The Dream of Equality

I have been reading (yes, we are back to commenting on books!) Plutarch's The Lives of the Noble Grecians and Romans (yes, Grecian is a word -- you cannot fault George W. Bush for that), the version  translated by John Dryden, revised by Arthur Hugh Clough and published as part of the series Great Books of the Western World by the fine folks at the Encyclopedia Britannica in 1954. It's one of the many books I was able to clean -- with official approval -- from the weeding of the JKM Library over the last couple of years. My set is mostly complete -- I'm missing one volume of Shakespeare (I already have the complete Shakespeare anyway) and another volume. I forget which one, and they aren't in front of me right now.

I think it's Boswell's Life of Johnson. Volume 44 of the 1954 set.

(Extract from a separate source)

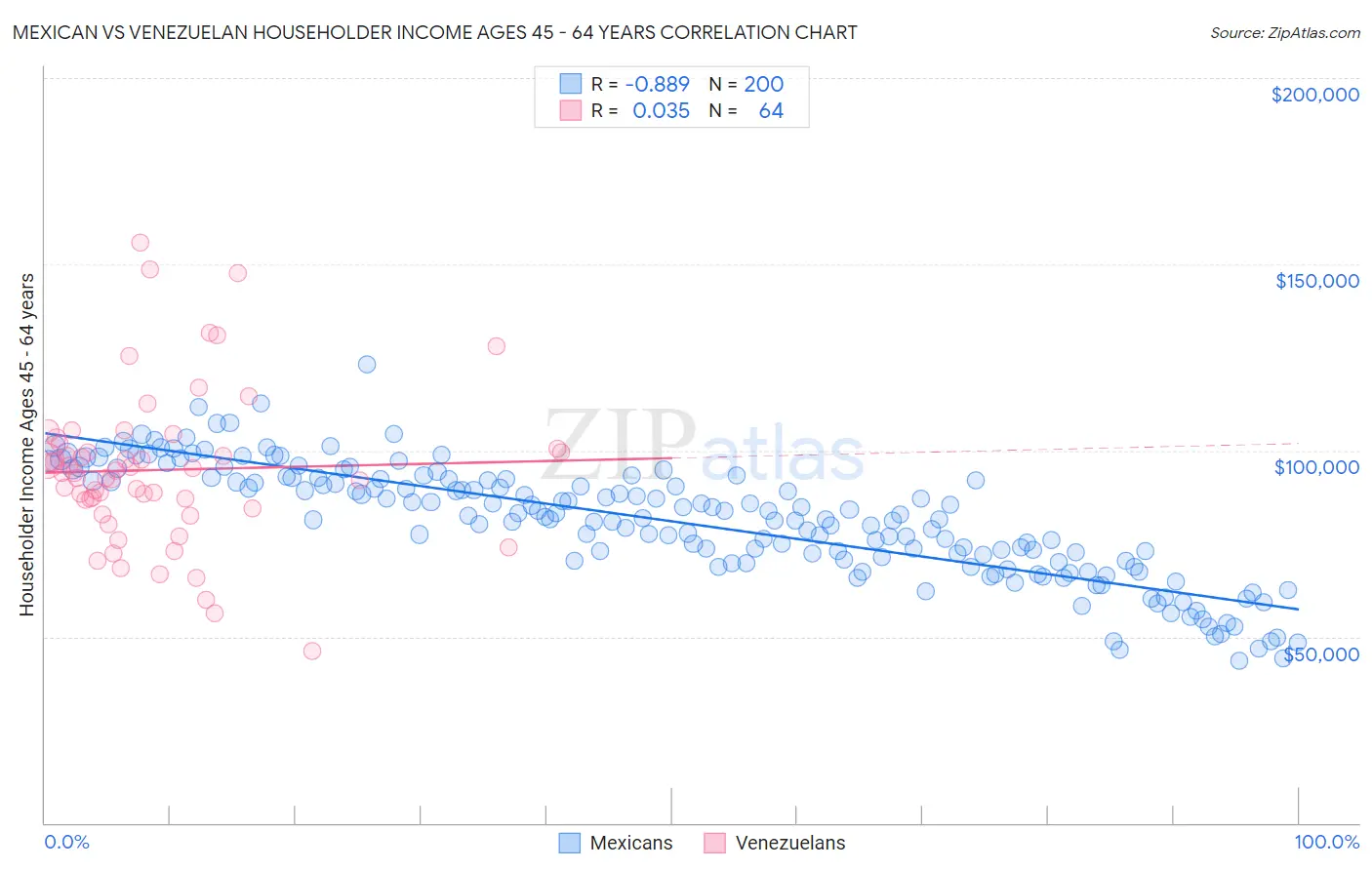 Mexican vs Venezuelan Householder Income Ages 45 - 64 years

At any rate, I am reading Plutarch. I had the Penguin classics of Plutarch, but their editions ripped Plutarch's lives from their parallel context -- Romulus and Thesius, for example, were separated, and placed in volumes entitled "Founders of Rome" or "Founders of Greece" or some such. And not as Plutarch, as Greek historian and author living during the time of the last of the Julio-Claudian emperors, the Flavians and the early Antonines, for the most part intended.

I like reading books of ancient history written by the ancients themselves. There is a different approach to truth, the presenting of multiple stories without attempting to find which story is "factually correct." It's more about story and myth, about poetry and meaning, rather than fact. Facts rarely tell their own story. They must be chosen and discarded, and then carefully edited and woven into something that tells us who we are. Or wish to be.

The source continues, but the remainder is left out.